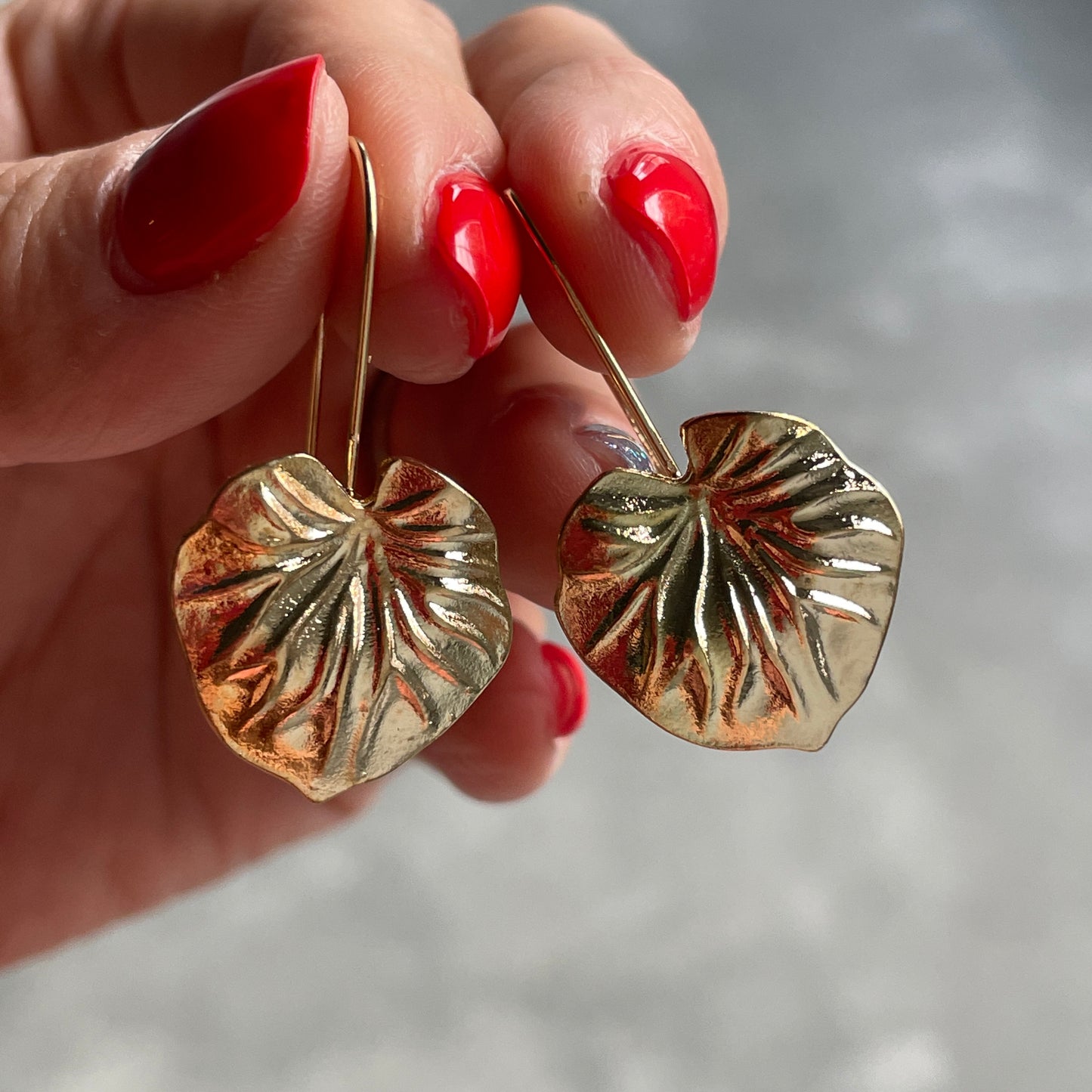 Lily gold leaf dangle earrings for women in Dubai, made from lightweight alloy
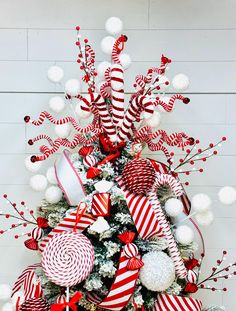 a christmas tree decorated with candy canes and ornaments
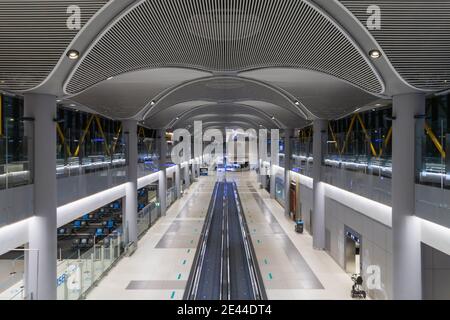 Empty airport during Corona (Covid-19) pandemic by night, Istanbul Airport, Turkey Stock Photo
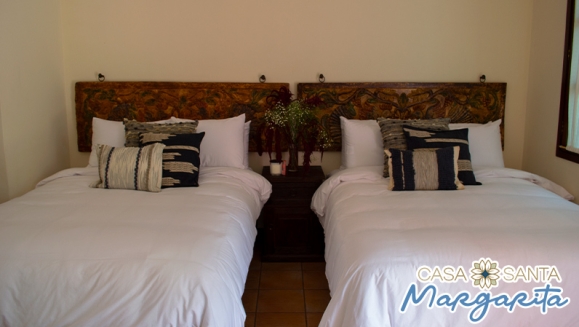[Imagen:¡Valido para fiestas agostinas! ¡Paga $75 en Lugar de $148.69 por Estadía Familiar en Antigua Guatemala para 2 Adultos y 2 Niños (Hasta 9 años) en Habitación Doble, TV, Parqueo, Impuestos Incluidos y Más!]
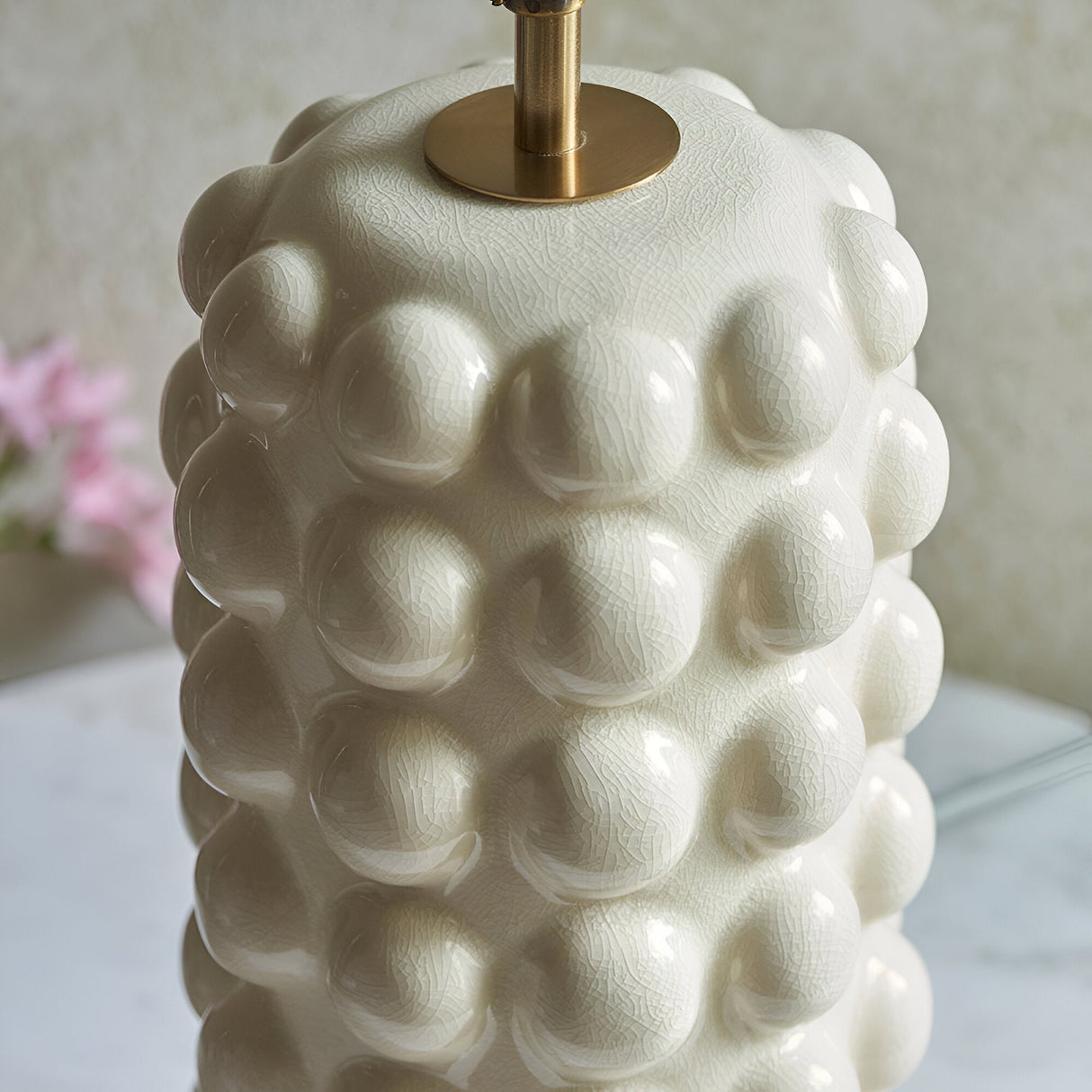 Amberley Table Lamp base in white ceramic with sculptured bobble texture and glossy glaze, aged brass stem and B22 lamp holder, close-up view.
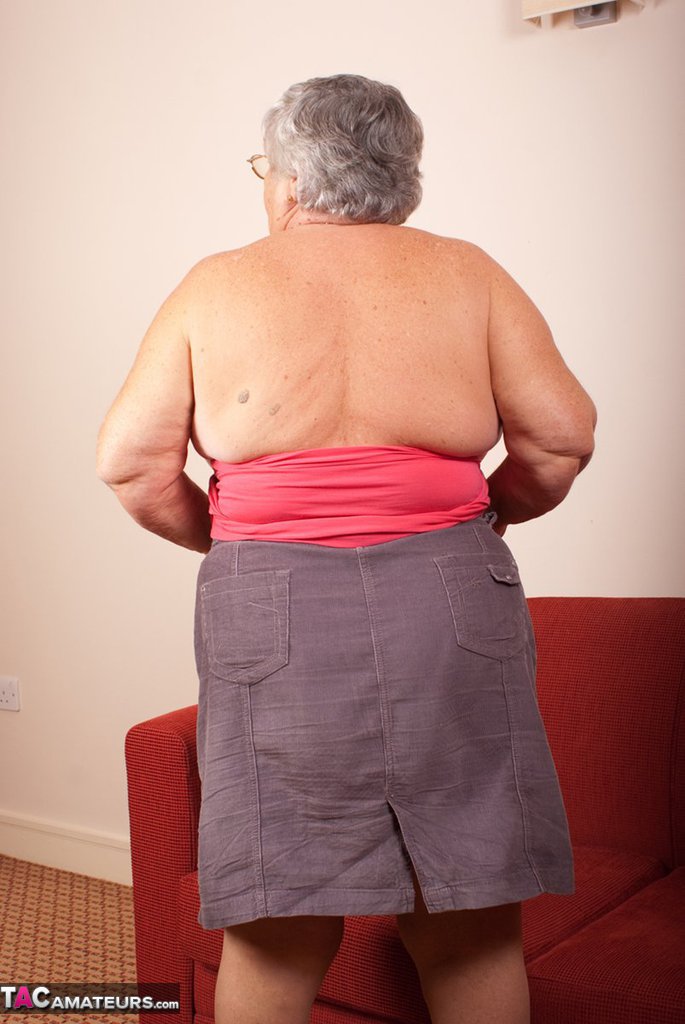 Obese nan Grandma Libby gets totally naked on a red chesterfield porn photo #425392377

--

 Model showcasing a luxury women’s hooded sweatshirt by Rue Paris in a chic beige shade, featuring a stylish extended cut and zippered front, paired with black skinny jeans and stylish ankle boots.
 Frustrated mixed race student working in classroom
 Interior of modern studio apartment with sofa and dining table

--

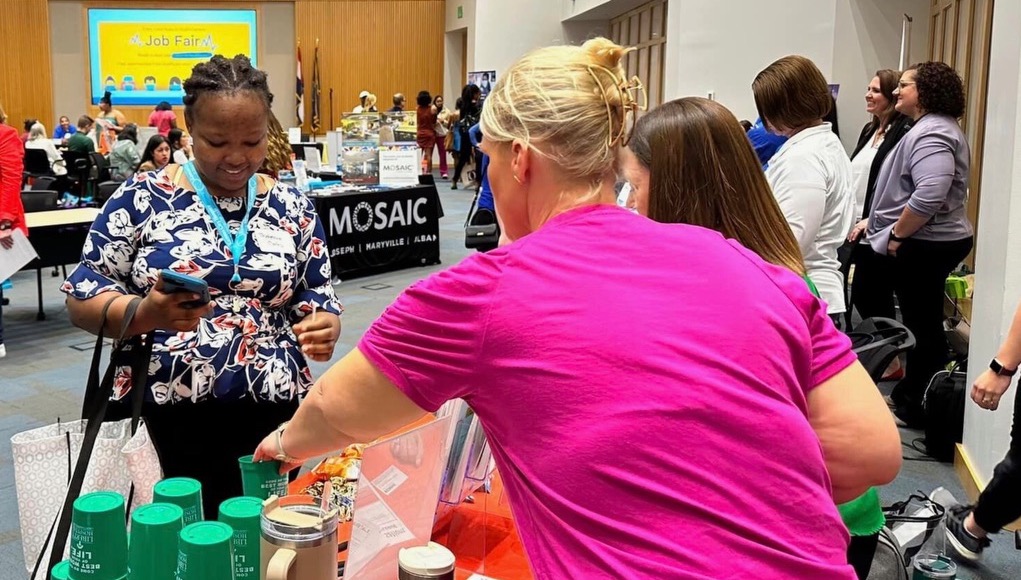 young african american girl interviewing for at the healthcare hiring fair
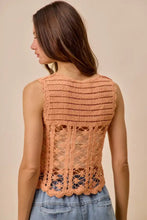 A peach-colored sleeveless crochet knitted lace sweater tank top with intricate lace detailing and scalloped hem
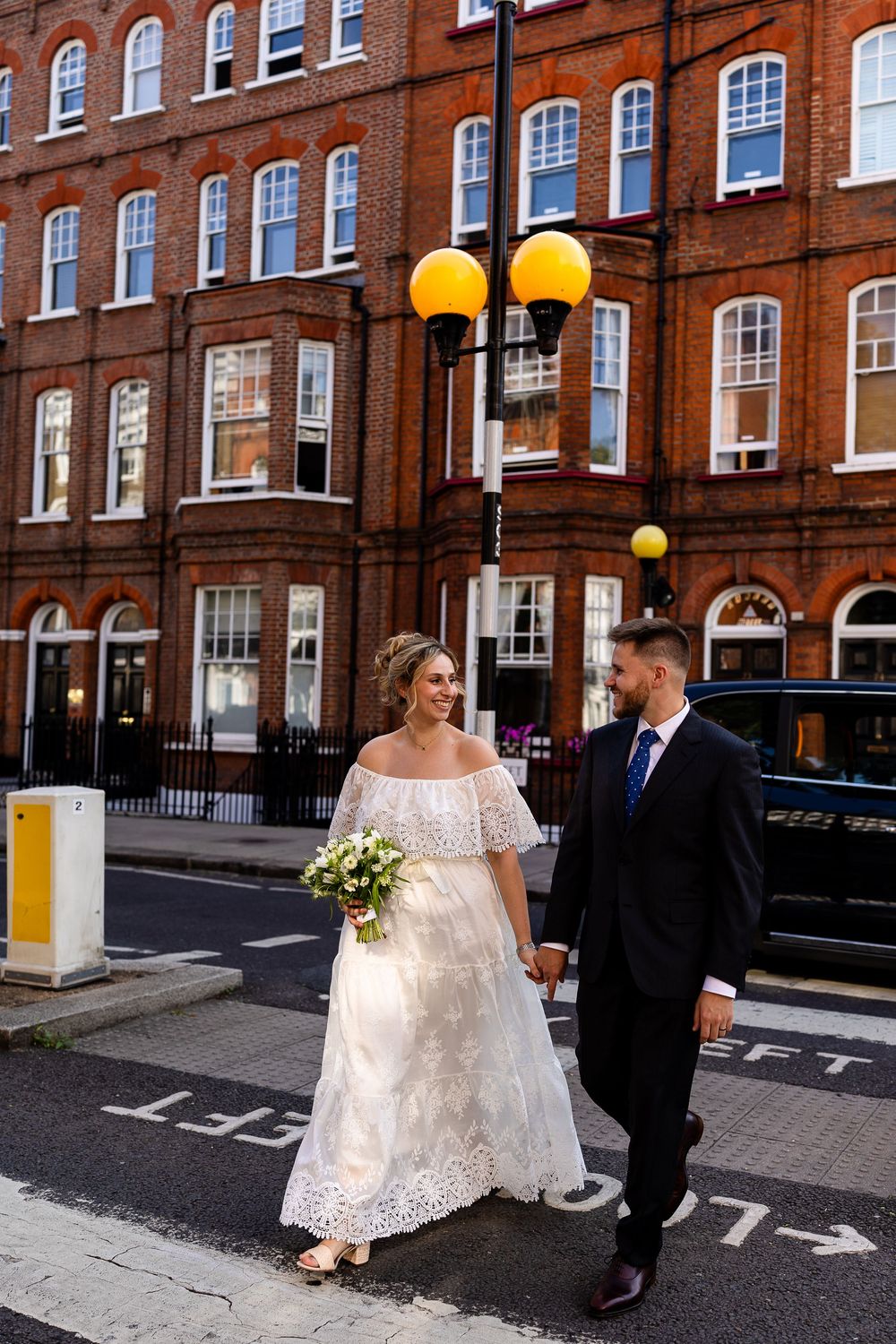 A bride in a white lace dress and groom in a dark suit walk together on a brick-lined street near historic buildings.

— Task brief —
Could you transcribe exactly the entries above, but only the lines from the one with "young african american" through the one with "A bride in a", and without pictures?

— Solution for this exercise —
 young african american girl interviewing for at the healthcare hiring fair
 A peach-colored sleeveless crochet knitted lace sweater tank top with intricate lace detailing and scalloped hem
 A bride in a white lace dress and groom in a dark suit walk together on a brick-lined street near historic buildings.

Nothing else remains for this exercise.